I Total angular momentum of a translating and rotating pancake

[Rikudo]

I have read Classical Mechanics book by David Morin, and there are some parts that I do not understand from its derivation.

Note :
$V$ and $v$ is respectively the velocity of CM and a particle of the body relative to the fixed origin , while $v'$ is velocity of the particle relative to CM
From this, we can get : $$ v = V + v'$$

In the 3rd step, It is written that $\int r' \times V\, dm$ vanised because the position of CM in CM frame is zero.
But, isn't the position of CM should be calculated relative to the origin? (Since we are calculating the angular momentum relative to the origin, not CM)

 

[vanhees71]

Well, by definition if you are in the CM frame of reference the CM is chosen as the origin of your reference frame.
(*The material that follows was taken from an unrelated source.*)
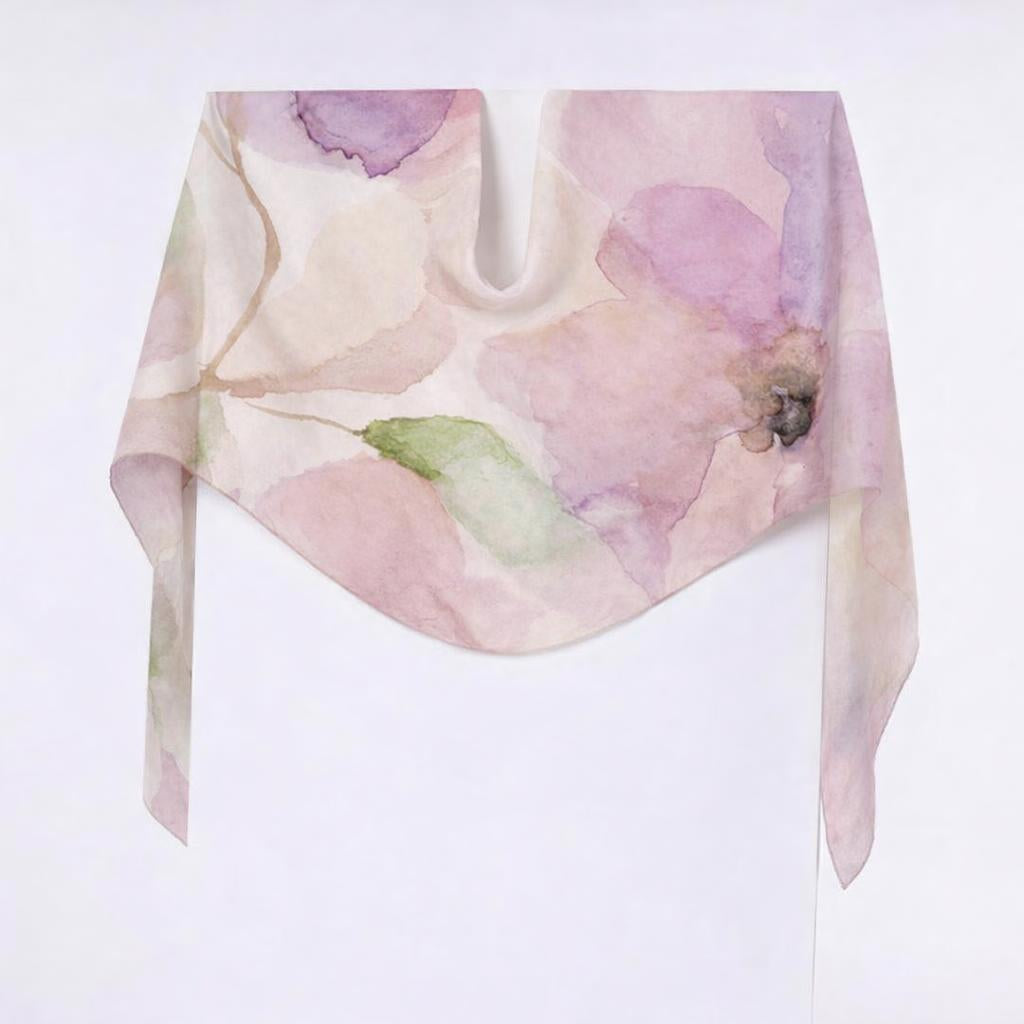Soie Turkish shawl HIA4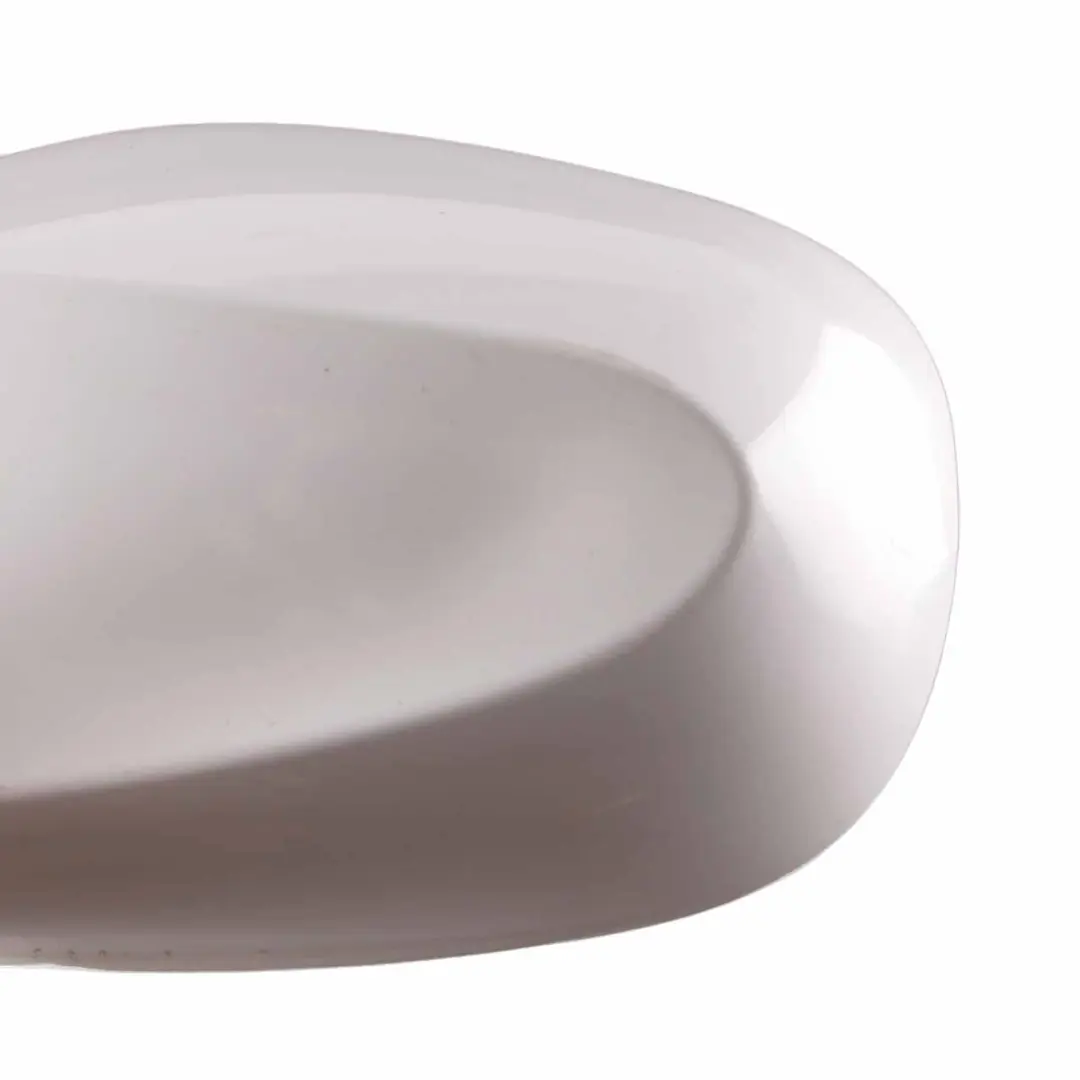 BMW E81 E82 E87N Tapa Carcasa Espejo Retrovisor Izquierdo Alpinweiss 3 Blanco - SKU P0038345-AW1 - Número de pieza 0038345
Then also the reference point of the angular momentum is the CM.

 

[wrobel]

and is respectively the velocity of CM and a particle of the body relative to the fixed origin , while is velocity of the particle relative to CM

it is a very bad phrase
there can not be a velocity of one point relative other point
there can be velocity of a point relative a frame

 

[Rikudo]

it is a very bad phrase
there can not be a velocity of one point relative other point
there can be velocity of a point relative a frame

Ah...I see.Thanks for telling me!

Well, by definition if you are in the CM frame of reference the CM is chosen as the origin of your reference frame. Then also the reference point of the angular momentum is the CM.

Alright. So, $\int V \times r' \,dm$ use CM as its origin point, i suppose?

 

[Delta2]

Figure 8.4 says it all imho. $r'$ is the position vector in the frame of reference of CM, so when you calculate those terms (the ones that vanish) it is like you are in the frame of reference of CM, regardless if the whole calculation is done in the frame of reference of another point that is taken as origin , different than CM.
so in a nutshell it is
$$\int \vec{r'} dm=\vec{0}$$
$$\int \vec{r} dm=M\vec{R}$$

 

[Delta2]

Ok I might not have explained it very well but here is a better (i think) explanation.

From figure 8.4 it is $\vec{r'}=\vec{r}-\vec{R}$ hence integrating both sides we get $$\int\vec{r'}dm=\int\vec{r}dm-\int\vec{R}dm=M\vec{R}-\vec{R}M=0$$

 

[Rikudo]

It's nice to meet you again!

Ok I might not have explained it very well but here is a better (i think) explanation.

From figure 8.4 it is $\vec{r'}=\vec{r}-\vec{R}$ hence integrating both sides we get $$\int\vec{r'}dm=\int\vec{r}dm-\int\vec{R}dm=M\vec{R}-\vec{R}M=0$$

But, isn't $\int V \times r' \,dm = V\int r'\, sin\alpha$ since it is a cross product? (With $\alpha$ is the angle between vector$V$and vector $r'$).
Then, to find $\int r'\, sin\alpha$, we need to multiple both sides by $sin \alpha$ before integrating it.
$$\int\vec{r'} sin (\alpha)dm=\int\vec{r}sin (\alpha) dm-\int\vec{R}sin (\alpha) dm$$

 

[Delta2]

No , you confuse $$\int\vec{V}\times\vec{r'} dm=\vec{V}\times\int\vec{r'}dm$$ with $$\int|\vec{V}\times\vec{r'}|dm=|\vec{V}|\int|\vec{r'}|\sin a dm$$, the first above gives a vector as result(where in the integration opposite vectors cancel out), while the second gives a number greater than zero (where in the integration opposite vectors don't cancel out, because we take their magnitude).

 

[Rikudo]

No , you confuse $$\int\vec{V}\times\vec{r'} dm=\vec{V}\times\int\vec{r'}dm$$ with $$\int|\vec{V}\times\vec{r'}|dm=|\vec{V}|\int|\vec{r'}|\sin a dm$$, the first above gives a vector as result(where in the integration opposite vectors cancel out), while the second gives a number greater than zero (where in the integration opposite vectors don't cancel out, because we take their magnitude).

OK

 

[Rikudo]

it is like you are in the frame of reference of CM, regardless if the whole calculation is done in the frame of reference of another point that is taken as origin

So, we use the origin and CM frame of reference. but, how is it possible to use two different frames at the same time?